Minecraft uses a single-scale voxel engine, with 1m blocks. The lack of sub-division prevents easily modifying smaller and larger scales.
Instead of considering block textures to be immutable and cosmetic, it could be a rendered representation of a projection of the sub-blocks that compose the block itself. In this way, we could see the classic Minecraft grass and dirt blocks as a single level of nesting in a multi-level system of detail. Because all Minecraft blocks share a texture size (16×16 by default), this isn’t a particularly difficult stretch of the imagination. Minecraft blocks, too, exist in 16×16 chunks, each of which carries some data about biomes, heightmaps, and so forth.
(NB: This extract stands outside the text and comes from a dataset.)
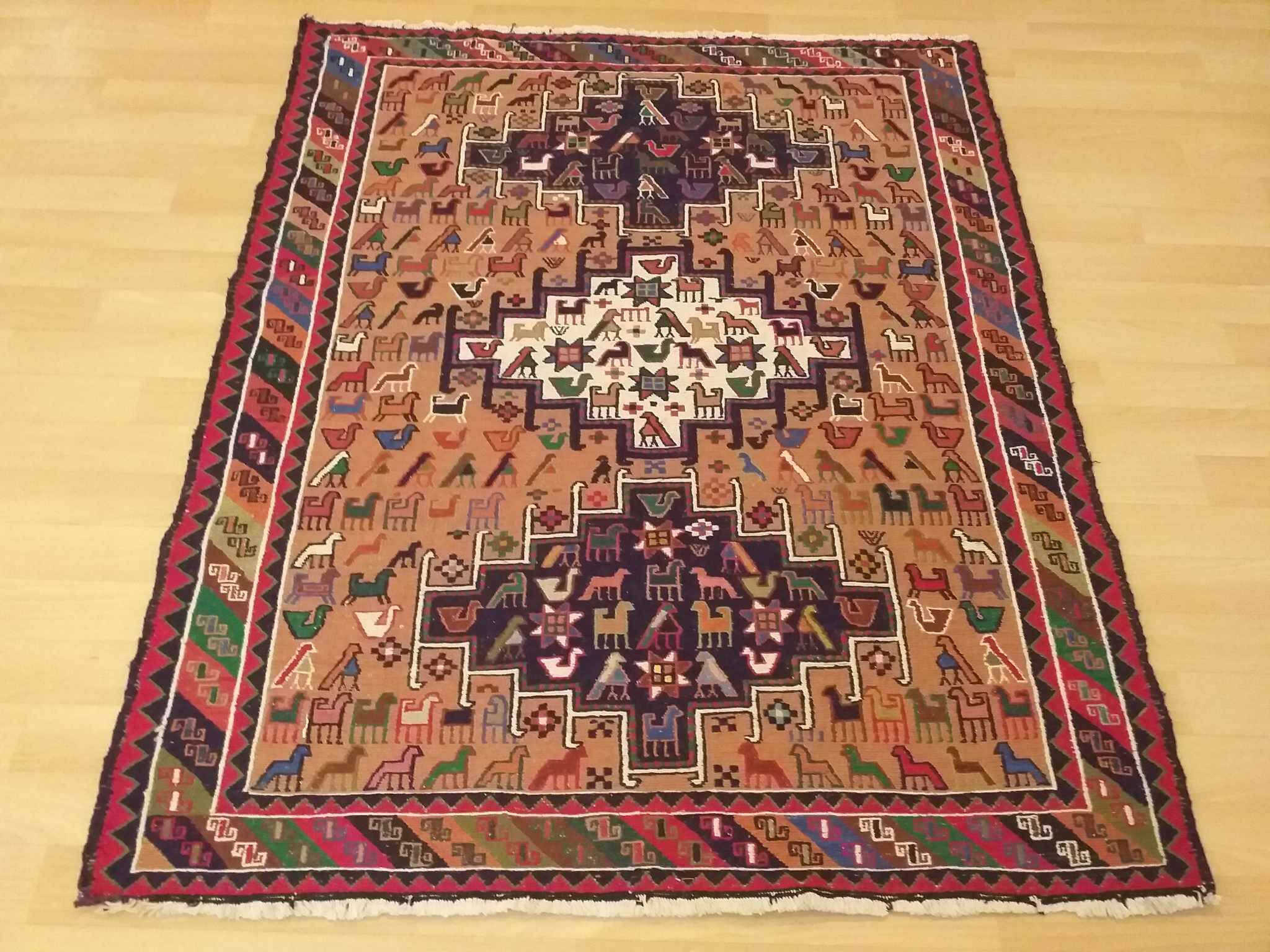 Kilim Anatolian Soumak handmade 142x118cm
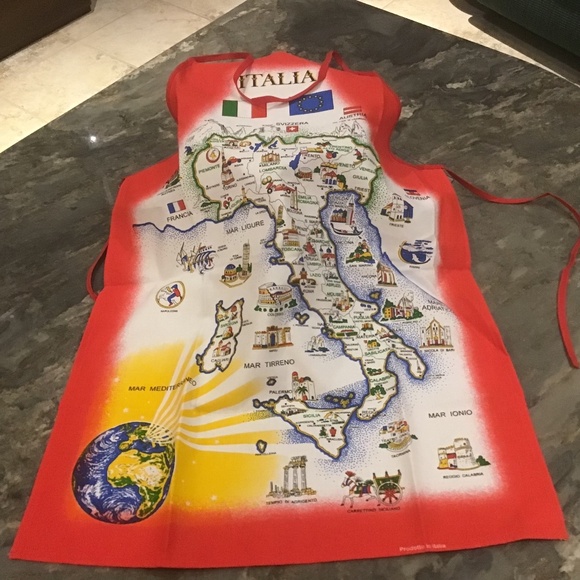 Souvenir Italia Cotton Apron, Italy Cooking or Decorative Apron New Never Used - Picture 1 of 5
The problem here is that all of the user-level and simulation-level operations act on a block level. None of them operate on the textures or the chunks.
So, if Minecraft uses 16×16, is that the best scale factor? Before making a nested block detail system, we really should ask ourselves
What scale factor?
I propose a 8x scale system where each level is eight times larger than the one before. If we use a total of 16 levels, and realistic object sizes, we get a span from sand to stars and beyond, with each scale representing the scale of something tangible and intuitive.
- 0.4mm (sand)
- 3mm (seed)
- 2.5cm (haft)
- 20cm (handspan)
- 1.6m (the basis of the entire proposed system, the height and armspan of an average person)
- 12.8m (house)
- 100m (city block)
- 0.82km (neighborhood)
- 6.5km (town)
- 52km (county)
- 420km (state)
- 3300km (continent, moon)
- 27Mm (rocky planet)
- 215Mm (gas planet)
- 1.7Gm (star)
- 14Gm (stellar structures (ringworld, dyson sphere))
Of course other mappings could be applied. A more cartoony world may have the scales compressed, with planets and stars sharing scale with towns. A hyper-real world could have many intermediate steps, with people the size of rabbits, and trees the size of planets. But why go through all this trouble in the first place?
Why nested scales?
Nested blocks allow four important advantages over a flat scale representation (such as we have in Minecraft)
- Rapid low-cost procedural generation
- Powerful and dynamic GI lighting system
- In-game tileset modification
- Dynamic filtered LOD rendering.
Low Cost Procedural Generation
Instead of generating all of the branches for all of the trees in sight, you can generate a few trees, bake them into x-plane textures, and then place those in the world at various scales and rotations. If the player gets close to them, you can generate the voxels at that point, but every likelyhood is that they never will. This on-demand procedural generation allows for rapid population of very large areas.
The nested voxel scales also allows for simplified simulation when zoomed out or zoomed in. This ties into the multi-timescale features, which I’ll reserve for another post. Suffice to say, simulation of fluids and societies becomes much more manageable in the context of an adaptive scale framework.
Dynamic Global Illumination
Minecraft does a kind of poor-man’s global illumination with the light propagation system. However, since it is tied to a single scale, it can’t afford to have light propagate very far. With a nested scale system, brighter light levels could fall-off only at larger scales, allowing for dynamically placed lights with rapid low-cost propagation. If the light takes on the color of the blocks that it propagates past, the lighting system will have a global illumination quality as well. This could be combined with a more conventional shadow-casting system for potentially spectacular results.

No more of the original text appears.